You can execute the following to get the userdata. Note the final line which decodes from base64 and uncompresses the gzipped data.

NG_STACK=eksctl-scrumptious-monster-1595247364-nodegroup-ng-29b8862f # your stack here
LAUNCH_TEMPLATE_ID=$(aws cloudformation describe-stack-resources --stack-name $NG_STACK \
| jq -r '.StackResources | map(select(.LogicalResourceId == "NodeGroupLaunchTemplate")
| .PhysicalResourceId)[0]')
aws ec2 describe-launch-template-versions --launch-template-id $LAUNCH_TEMPLATE_ID \
| jq -r '.LaunchTemplateVersions[0].LaunchTemplateData.UserData' \
| base64 -d | gunzip

Ingress

How do I set up ingress with eksctl?

We recommend using the AWS Load Balancer Controller.
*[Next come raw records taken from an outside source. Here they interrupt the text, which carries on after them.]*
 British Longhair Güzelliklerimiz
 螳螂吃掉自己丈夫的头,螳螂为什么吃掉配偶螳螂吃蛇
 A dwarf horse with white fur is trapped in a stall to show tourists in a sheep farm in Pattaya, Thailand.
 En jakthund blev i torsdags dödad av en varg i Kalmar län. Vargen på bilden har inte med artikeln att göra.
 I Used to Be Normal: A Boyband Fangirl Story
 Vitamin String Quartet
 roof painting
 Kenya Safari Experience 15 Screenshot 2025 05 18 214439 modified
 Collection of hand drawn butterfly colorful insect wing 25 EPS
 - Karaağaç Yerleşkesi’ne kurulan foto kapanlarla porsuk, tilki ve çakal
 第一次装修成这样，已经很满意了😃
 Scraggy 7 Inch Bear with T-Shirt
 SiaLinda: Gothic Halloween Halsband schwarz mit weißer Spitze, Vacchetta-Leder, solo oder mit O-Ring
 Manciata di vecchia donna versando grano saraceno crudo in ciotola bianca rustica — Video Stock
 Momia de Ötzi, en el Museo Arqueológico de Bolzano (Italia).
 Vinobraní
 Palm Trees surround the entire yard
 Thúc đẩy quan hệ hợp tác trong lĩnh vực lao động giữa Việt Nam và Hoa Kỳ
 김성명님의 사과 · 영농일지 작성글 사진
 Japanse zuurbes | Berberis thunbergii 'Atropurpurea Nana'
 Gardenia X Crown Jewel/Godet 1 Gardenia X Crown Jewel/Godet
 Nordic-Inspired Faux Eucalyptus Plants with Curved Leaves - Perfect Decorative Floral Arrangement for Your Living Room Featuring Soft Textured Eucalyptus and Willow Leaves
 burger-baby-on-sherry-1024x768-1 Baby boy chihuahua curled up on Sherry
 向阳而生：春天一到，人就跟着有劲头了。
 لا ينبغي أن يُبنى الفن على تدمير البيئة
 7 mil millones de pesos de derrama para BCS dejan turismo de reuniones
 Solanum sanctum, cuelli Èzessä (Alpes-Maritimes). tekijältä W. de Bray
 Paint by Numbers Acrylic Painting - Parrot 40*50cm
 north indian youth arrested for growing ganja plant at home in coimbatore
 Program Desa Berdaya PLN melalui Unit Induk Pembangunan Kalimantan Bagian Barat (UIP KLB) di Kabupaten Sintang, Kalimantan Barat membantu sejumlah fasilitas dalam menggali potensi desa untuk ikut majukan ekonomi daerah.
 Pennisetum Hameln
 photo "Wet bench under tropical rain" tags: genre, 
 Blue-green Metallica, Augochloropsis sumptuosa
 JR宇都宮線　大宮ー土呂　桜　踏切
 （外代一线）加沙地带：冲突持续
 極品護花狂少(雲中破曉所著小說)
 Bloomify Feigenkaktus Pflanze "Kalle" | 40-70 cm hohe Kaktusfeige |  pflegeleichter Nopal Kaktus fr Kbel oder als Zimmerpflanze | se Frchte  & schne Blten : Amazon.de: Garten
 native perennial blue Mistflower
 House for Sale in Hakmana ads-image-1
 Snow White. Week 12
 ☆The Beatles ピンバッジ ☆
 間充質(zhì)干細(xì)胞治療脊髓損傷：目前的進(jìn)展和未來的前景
Documentation on how to deploy the controller to your cluster, as well as how to migrate from the old ALB Ingress Controller, can be found here.

For the Nginx Ingress Controller, setup would be the same as any on other Kubernetes cluster.

Kubectl

I'm using an HTTPS proxy and cluster certificate validation fails, how can I use the system CAs?

Set the environment variable KUBECONFIG_USE_SYSTEM_CA to make kubeconfig respect the system certificate authorities.